"Bölüm 5 - Salman Khan'ın setine gidiyoruz."

1K 73 20
                                    

"Görsel de beyaz araba Range Rover ♥ Salman Khan'ın arabası ♥ "

"Oy ve Yorumlarınızı eksik etmeyin. ♥ "

------------------------



Başımı kaldırmaya cesaretim yoktu. Çok kötü göründüğüme emindim. Şimdi gitseydi eğer kimden yardım isteyebilirdim? Yine ona muhtaçtım. Biliyorum, mecburdum.

Ciğerlerime derin bir nefes çektim ve saçlarımı geriye doğru aldım. Gözlerimi kapatıp başımı hafifçe kaldırdım. Kalbim deli gibi atıyordu. Yok, ben bunu yapamazdım.

Sessizce beni mi izliyordu yoksa gitmiş miydi? Merak ediyordum. Sağ gözümü hafifçe aralayıp sol gözümü iyice sıktığımda bisikletinin üzerinde durmuş, sessizce beni izlediğini fark etmiştim ve kalp atışlarım hızını aynı anda artırmıştı.

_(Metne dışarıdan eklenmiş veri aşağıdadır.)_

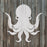 Octopus Stencil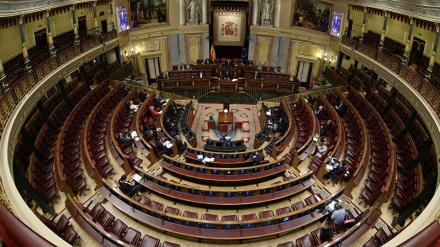 El Gobierno español pacta ampliar el estado de alarma hasta el 7 de junio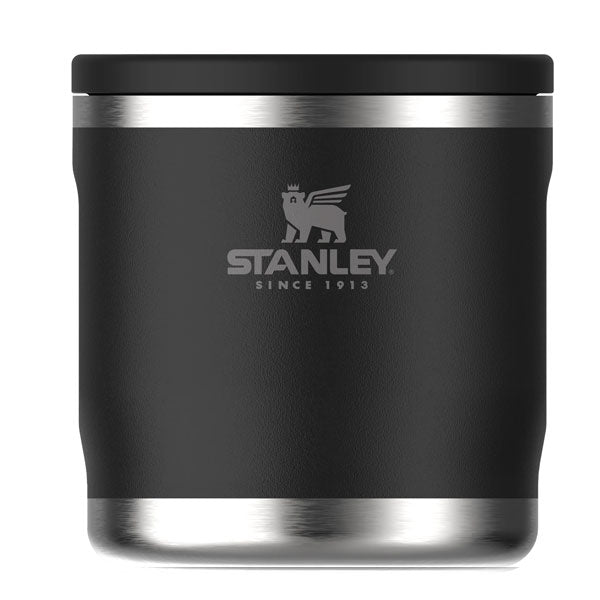 Stanley Adventure To-Go Food Jar 0.35L - Black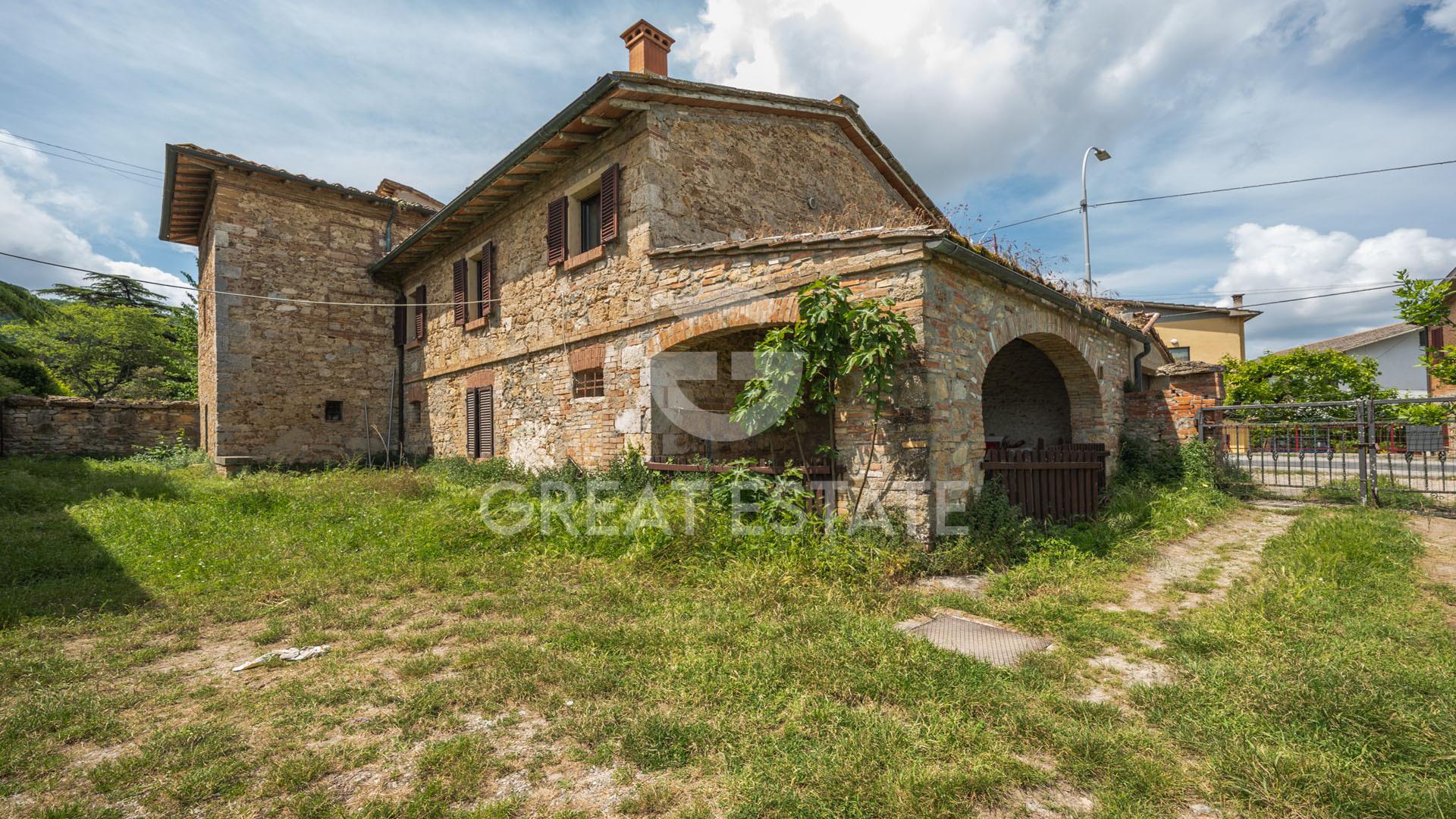 Purchase: House (53045)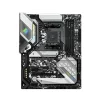 MB ASROCK B550 STEEL LEGEND AM4
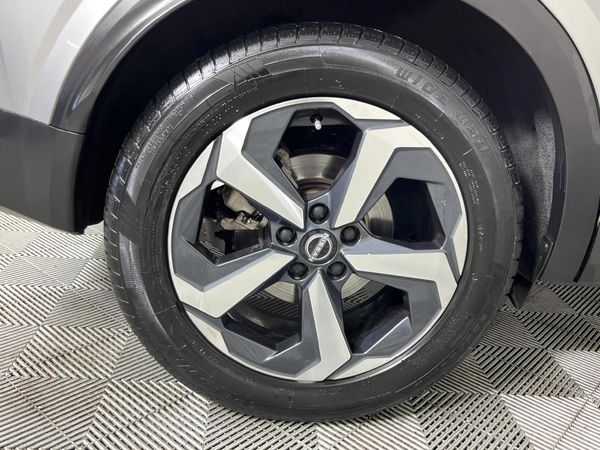 2023-Nissan-Qashqai-13T-Acenta-Plus-Xtronic image:7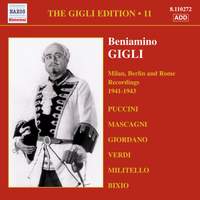 The Gigli Edition 11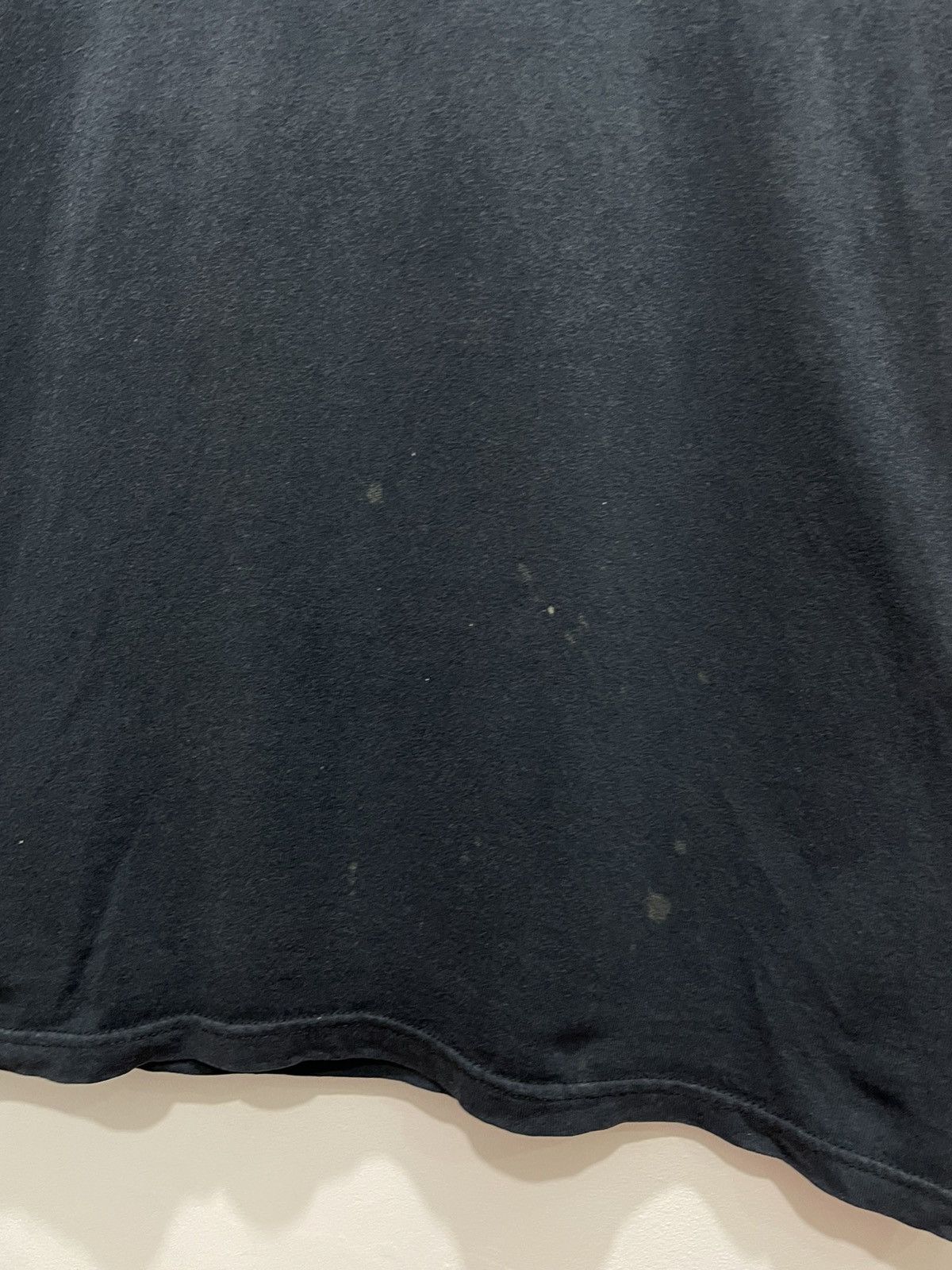 Band Tees Vintage Nirvana Sunfaded Tee Size US M / EU 48-50 / 2 - 5 Thumbnail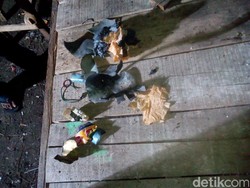 Warga Sering Razia Narkoba Diduga Jadi Motif Peledakan Bom Rakitan di Lhokseumawe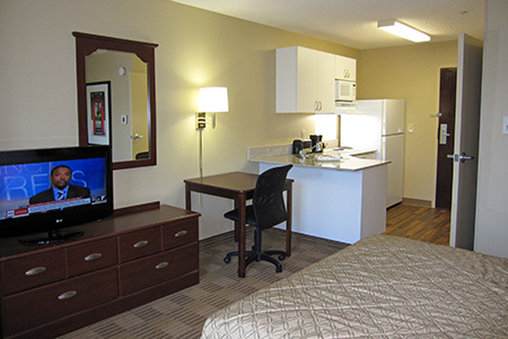 Hotel Extended Stay America - San Jose - Santa Clara  | San Jose | California | Estados Unidos 10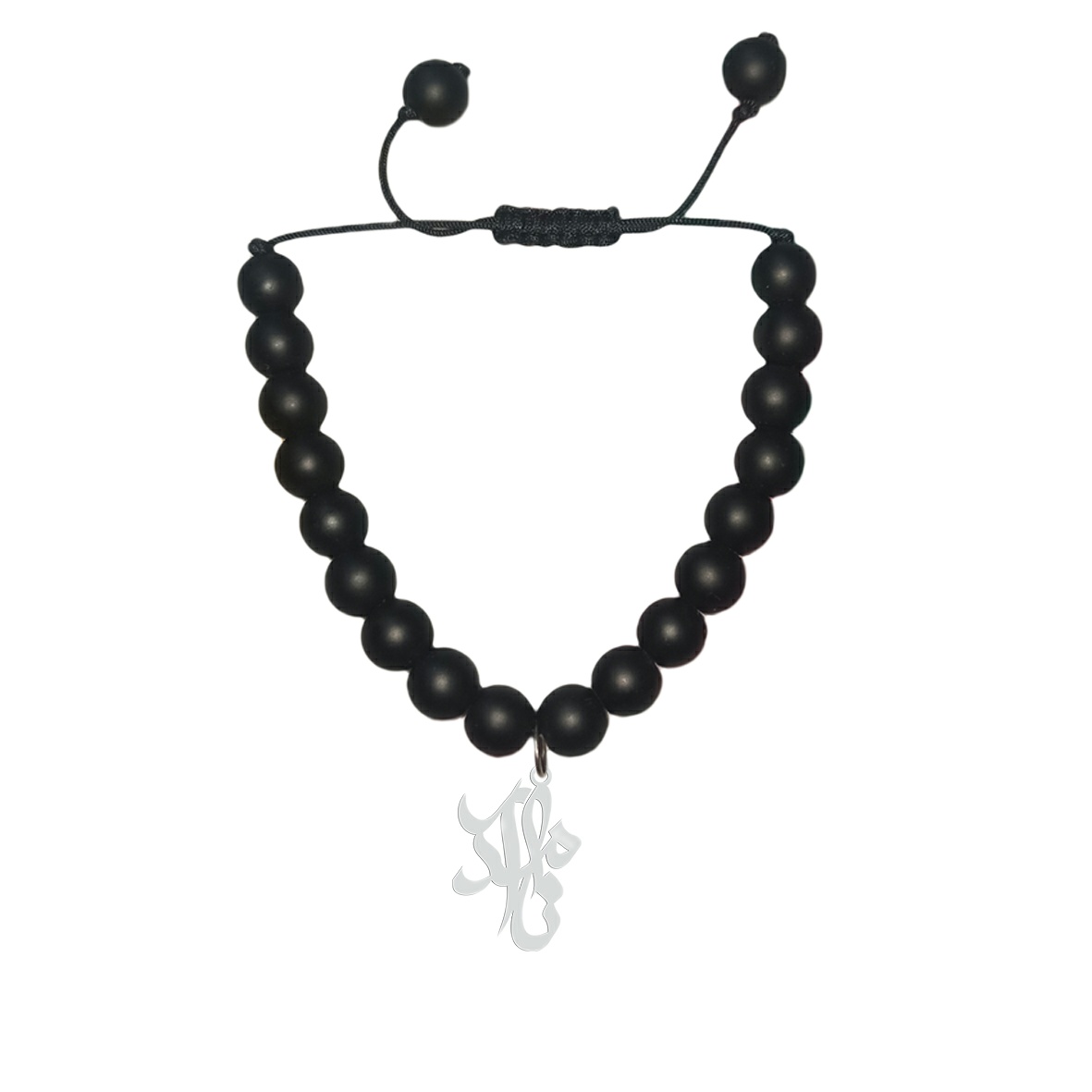 دستبند هایکا اسم نامدار مدل ha1-509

Başımı eğip gözlerimi açıp nefesimi düzenlemeye çalıştım ve bir cesaret tekrar başımı kaldırdım.

"İ-İy-İyi-yim. İyiyim."

Bravo sana Nazlı!

Kekeleme rekoru kırmıştım. Bisikletinden inip yanıma gelmeye başladığında kalbim durmak üzereydi. Tam önüme gelip durduğunda başımı oturduğum yerden kaldırmış yüzüne bakıyordum.

"İyi misin? Bana hiç iyiymişsin gibi gelmedi."

"İyi.İyiyim."

Kollarını göğsünde birleştirip 'Öyle mi?' dercesine bakıyordu. Sırtımı ağaca yaslayıp ağaçtan destek alarak ayağa kalktığımda dizlerim titriyordu. Ben mi aşırı tepki veriyordum yoksa bu normal miydi?

"Gerçekten iyiyim."

"Teninin rengi sapsarı olmuş ve bence iyi değilsin. Üstüne üstlük otobanda ne arıyorsun tek başına?"

Yalan söylemeli miydim?

"Şey. Açıkçası kendimi iyi hissetmediğim anda otobüsten indim ve otobüste durmadı, gitti. Kız arkadaşım yanımdaydı ama inemedi. Yani yolun ortasında kalmış haldeyim. Sarı olduğuma emin misin?"

Derin nefes alıp başını onaylarcasına ve anlamışçasına sallamıştı.

"Kusura bakma şu otobüs meselesinde bazen böyle şeyler olabiliyor. Bak eğer yardıma ihtiyacın varsa ki var bence bunu söylemelisin."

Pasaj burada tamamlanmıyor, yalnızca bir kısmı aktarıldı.